Studies conducted in western population reveal that the terminal elimination half-life of the drug is 1.4-1.8 h (0.73 h) [3]. The usual initial adult dosage is 2.5-5 mg daily. The adult maintenance dose for type II diabetes ranges from 1.25-20 mg daily [4]. The maximum recommended dosage is 20 mg daily. Following oral administration of a single 5 mg dose, the drug appears in the plasma or serum within 1560 min and average peak plasma or serum concentration of approximately 140-350 ng/ml usually are attained with in 2-4 h [5,6]. The glibenclamide at a concentration of 0.05-10 μg/ml in vitro, is more than 99% bound to serum proteins and its metabolite 4-trans-hydroxyglibenclamide, is more than 97% bound to serum proteins [7]. A number of assay methods for use in pharmacokinetic studies are available for determination of glibenclamide in biological specimen [8-14] (Table 1). Here we describe a high performance liquid chromatographic method for the estimation of glibenclamide in human serum. The method can be used in pharmacokinetic studies of glibenclamide where multiple, serial blood sample collection is desired in individuals.
Species | Matrix | Volume (ml) | Validated LLQ (ng/ml) | Reference |
---|---|---|---|---|
Human | Serum | 1 | 5 | [8] |
Human | Plasma | 0.2 | 5-10 | [9] |
Human | Plasma | 0.5 | 10-400 | [10] |
Human | Serum | 0.5 | NS | [11] |
Human | Serum | 0.5 | 20-400 | [13] |
Dog | Serum | 1 | 20 | [14] |
The above table provides the references of the previously published studies on the development of high-performance liquid chromatographic method for the analysis of glibenclamide from blood of animals and human. NS: Not Stated
Table 1: Previously published assay methods for glibenclamide in blood fluids
Materials and Methods
Glibenclamide (Zydus Cadila, India) and glimepride (Micro Laboratories, India) were obtained as gift samples. Methanol, acetonitrile, potassium dihydrogen ortho-phosphate and ortho-phosphoric acid were purchased from Qualigens Fine chemicals (Mumbai, India). Water for analytical purpose was obtained from Milli-Q R-O system.
Chromatographic conditions
The HPLC system consisted of a Shimadzu LC-10AT liquid chromatographic pump, SIL-10a manual injector and SPD-10A UV/Vis UV absorbance detector (Shimadzu, Kyoto, Japan). Data collection, integration and calibration were accomplished using Class VP Chromatography Data System Version 4.2 computer software (Shimadzu, Kyoto, Japan). The chromatographic separations of glibenclamide and internal standard (glimepride) were accomplished using a 250 mm×4.6 mm ID Luna phenomenex 5u C18 analytical column (Phenomenex, USA). A Guard-Pak precolumn module (Phenomenex, USA) containing an ODS cartridge insert was placed serially just before the analytical column. The mobile phase consisted of acetonitrile:25 mM phosphate buffer (pH: 3.5) in a combination of 60:40 v/v. Before use the mobile phase was degassed by passing it through a 0.22 μm filter.
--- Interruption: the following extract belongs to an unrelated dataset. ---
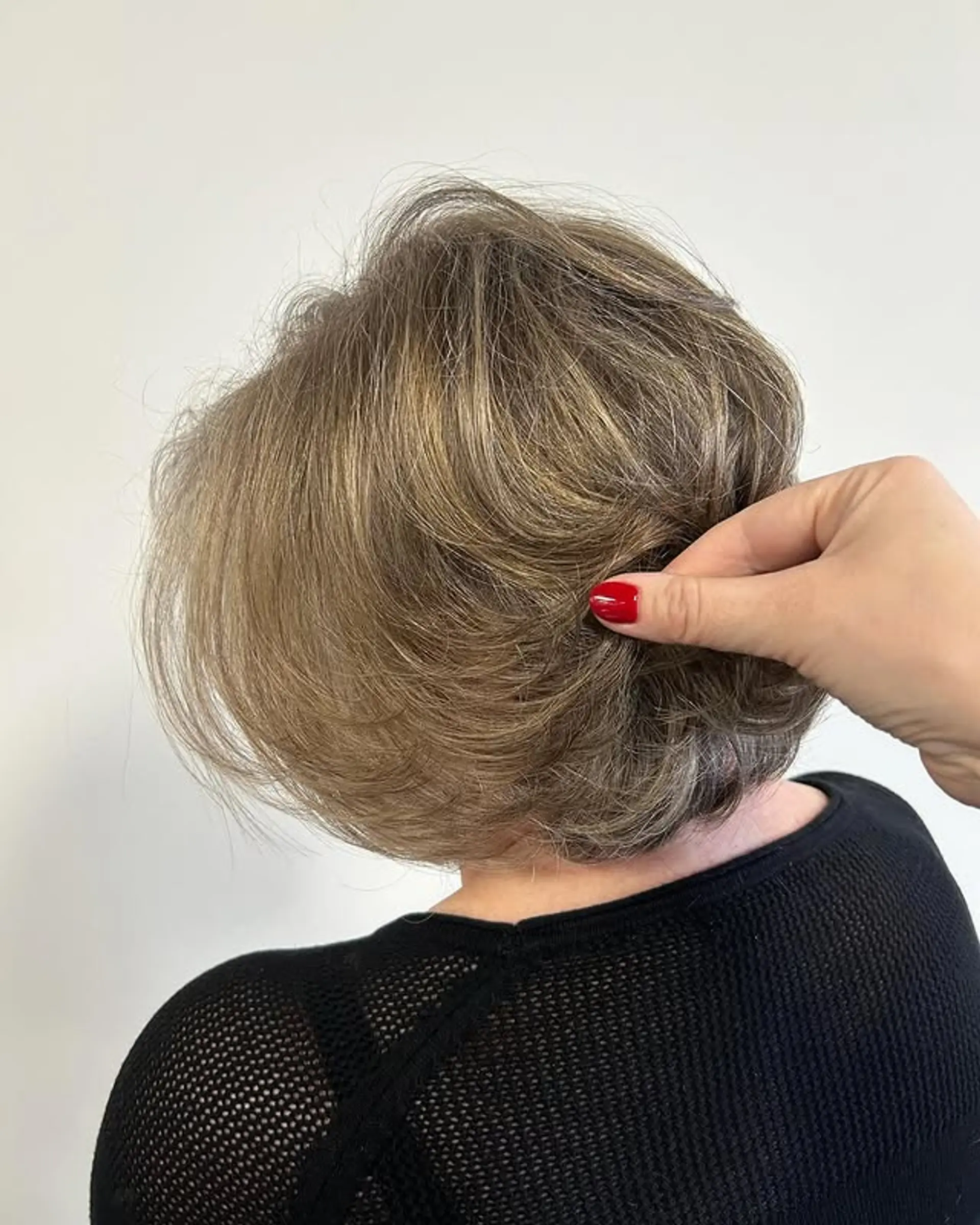 A short, layered bob that offers texture and easy styling. 1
The mobile phase was pumped at an isocratic flow rate of 1 ml/min at room temperature. The UV detection wave length was set at 253 nm. The wavelength of 253 nm represented the UV maximum of glibenclamide in acetonitrile: water in 1:1 ratio.
Assay procedure
A stock solution representing 100 µg/ml of glibenclamide was prepared in acetonitrile: water in 1:1 ratio. These solutions were stored at -20° until use. Glibenclamide was found to remain stable for at least 3 mo. under these conditions, based on our preliminary findings. The working standard solutions were prepared prior to use from the stock solution by sequential dilution with a combination of acetonitrile: water in 90:10 ratio to yield final concentrations of 50, 100, 200, 400, and 500 ng/ml of glibenclamide. The internal standard stock solution was prepared by dissolving 1 mg of glimepride in 100 ml of acetonitrile: water in 1:1 ratio. This solution was stored at -20° until use.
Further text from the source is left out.